Stackwise it should not make any difference at all from what I learned in assembler coding.
irrelevent OMG! I just said Stackwise on StackOverflow!
Hmm.. Looks like I've assumed too much here. Allow me to reclarify if I may. I don't care what 'type' of data is stored at the address. All that I am concerned with is the size of a 'unit' and how many units are at the address. Take a look at the interface agreement contract for the API if you will:
typedef struct StdBuffer {
size_t width; ///< The number of bytes that complete a data unit.
size_t limit; ///< The maximum number of data units that can be allocated for this buffer.
void * address; ///< The memory address for this buffer.
size_t index; ///< The current unit position indicator.
size_t allocated; ///< The current number of allocated addressable units.
StdBufferFlags flags;///< The API contract for this buffer.
} StdBuffer;
You see, memcpy, memmove and the like don't really care whats at an address all they want is the specifics which I'm clearly keeping track of here.
Have a look now at the first prototype to follow this contract:
typedef struct CharBuffer {
size_t width; ///< The number of bytes that complete a data unit.
size_t limit; ///< The maximum number of data units that can be allocated for this buffer.
char * address; ///< The memory address for this buffer.
size_t index; ///< The current unit position indicator.
size_t allocated; ///< The current number of allocated addressable units.
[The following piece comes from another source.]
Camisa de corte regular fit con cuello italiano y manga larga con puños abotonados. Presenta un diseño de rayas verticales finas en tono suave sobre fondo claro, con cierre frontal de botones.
CharBufferFlags flags;///< The API contract for this buffer.
} CharBuffer;
As you an clearly see the data type is irrelevant in this context. You can say that C handles it differently depending on the case, but at the end of the day, an address is an address, a byte is byte and a long is a long for as long as we are dealing with memory on the same machine.
The purpose of this system when brought together is to remove all of this type based juggling C seems to be so proud of (and rightfully so...) Its just pointless for what I would like to do. Which is create a contract abiding prototype for any standard size of data (1, 2, 4, 8, sizeof(RandomStruct)) located at any address.
Having the ability to perform my own casting with code and manipulate that data with api functions that operate on specific length blocks of memory with specific length memory units. However, the prototype must contain the official data pointer type, because it just doesn't make sense for the end user to have to recast their data every time they would like to do something with that address pointer. It would not make sense to call it a CharBuffer if the pointer was void.
The StdBuffer is a generic type that is never EVER used except within the api itself, to manage all contract abiding data types.
The api that this system will incorporate is from my latest edition of buffering. Which is quite clearly documented here #Google Code I am aware that some things will need to change to bring this all together namely I won't have the ability to manipulate data directly from within the api safely without lots of proper research and opinion gathering.
Which just brought to my attention that I also need a Signed/Unsigned bit flag in the StdBufferFlags Members.
Perhaps the final piece to this puzzle is also in order for your perusal.
/** \def BIT(I)
\brief A macro for setting a single constant bit.
*
* This macro sets the bit indicated by I to enabled.
* \param I the (1-based) index of the desired bit to set.
*/
#define BIT(I) (1UL << (I - 1))
/** \enum StdBufferFlags
\brief Flags that may be applied to all StdBuffer structures.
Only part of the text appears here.